Pedro Henrique Curi de Oliveira- Caso a empresa recuse ou omita-se em promover a correção devida, é plenamente cabível o ajuizamento de reclamação trabalhista, com pedidos que podem incluir: a declaração judicial da função real exercida como jornalista; a determinação de retificação dos registros funcionais e documentos de desligamento; o pagamento de diferenças salariais caso o piso da categoria dos jornalistas seja superior ao que lhe foi pago durante o vínculo; o ressarcimento por prejuízos materiais, como o não recebimento do seguro-desemprego em razão do erro no enquadramento funcional; além da indenização por danos morais, fundamentada no abalo à sua dignidade profissional e na frustração de seus direitos enquanto trabalhadora qualificada.
Ressalte-se que a jurisprudência do Tribunal Superior do Trabalho reconhece, de forma reiterada, que o enquadramento funcional inadequado pode ensejar reparação por danos morais e materiais, especialmente quando comprovada a má-fé, a negligência ou a repercussão negativa da conduta patronal na vida profissional do empregado.
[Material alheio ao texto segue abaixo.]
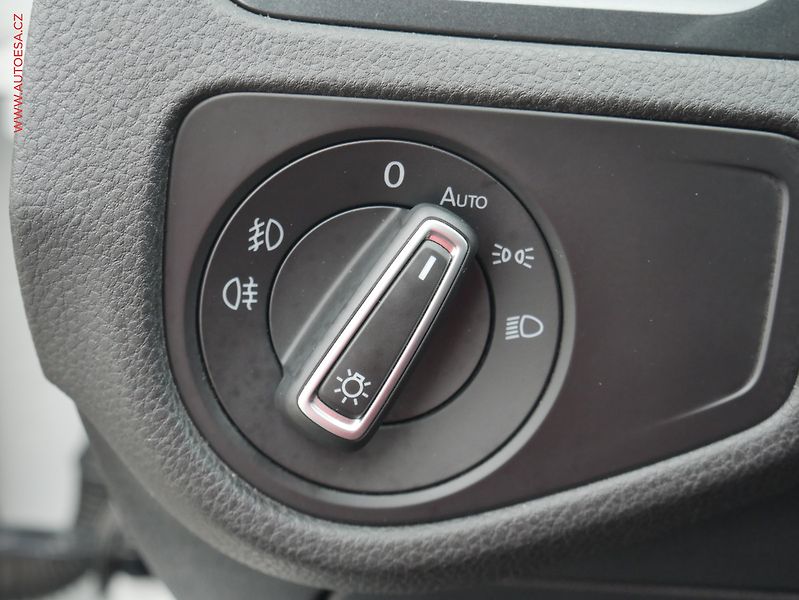 Volkswagen Golf (2019) 1.0 TSi, 2.maj,ČR, Marathon - fotka 20 z 25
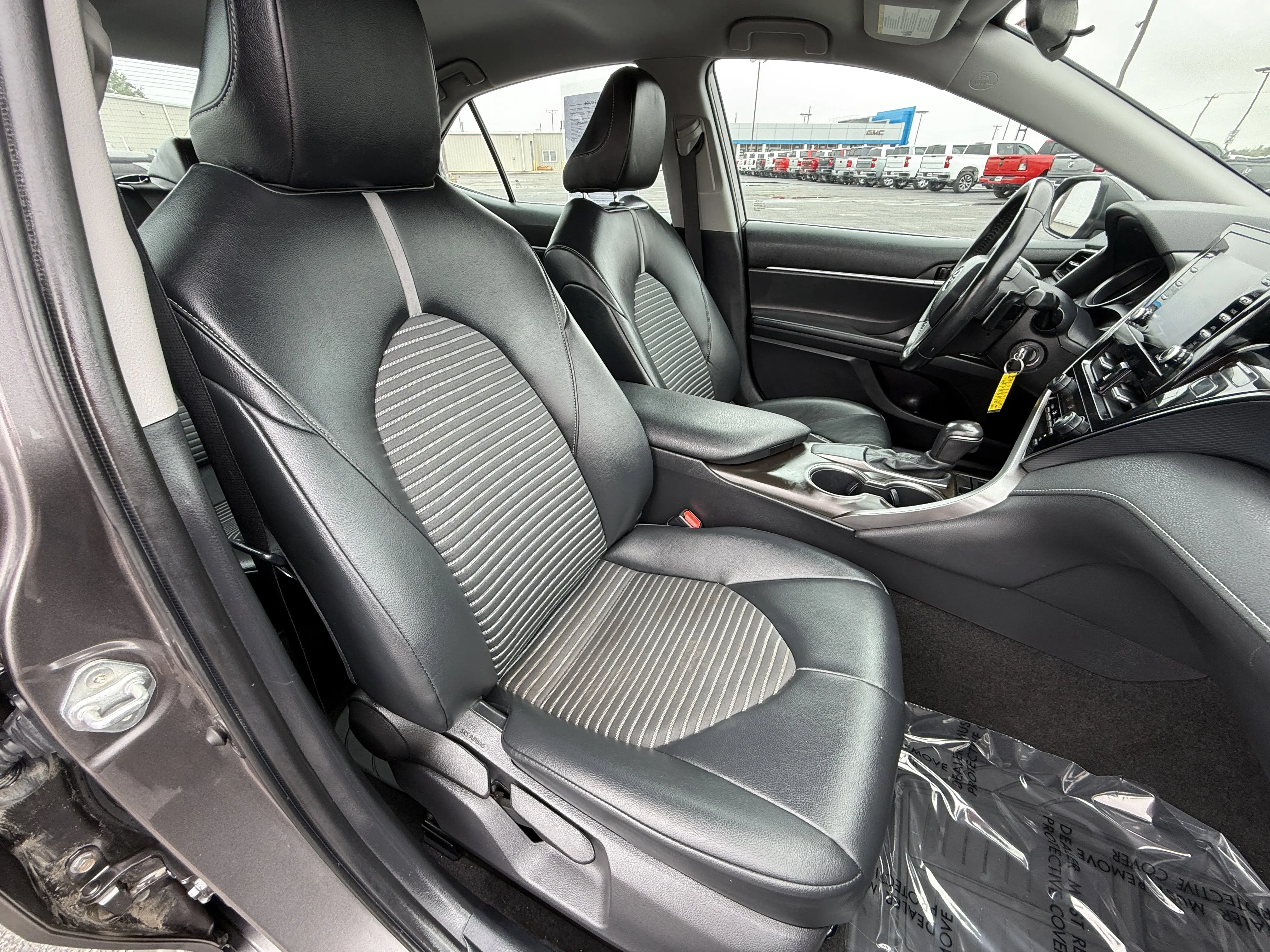 2021 Toyota Camry SE photo 12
Portanto, a jornalista deve agir com celeridade, munida de documentação probatória robusta e assessoria jurídica qualificada, a fim de assegurar a correção da injustiça sofrida, o reconhecimento pleno da sua condição profissional e a reparação integral dos danos decorrentes da conduta irregular da empresa. O Direito do Trabalho, em consonância com os princípios constitucionais da dignidade da pessoa humana e da valorização do trabalho, oferece os instrumentos necessários para a proteção da trabalhadora diante de tal violação.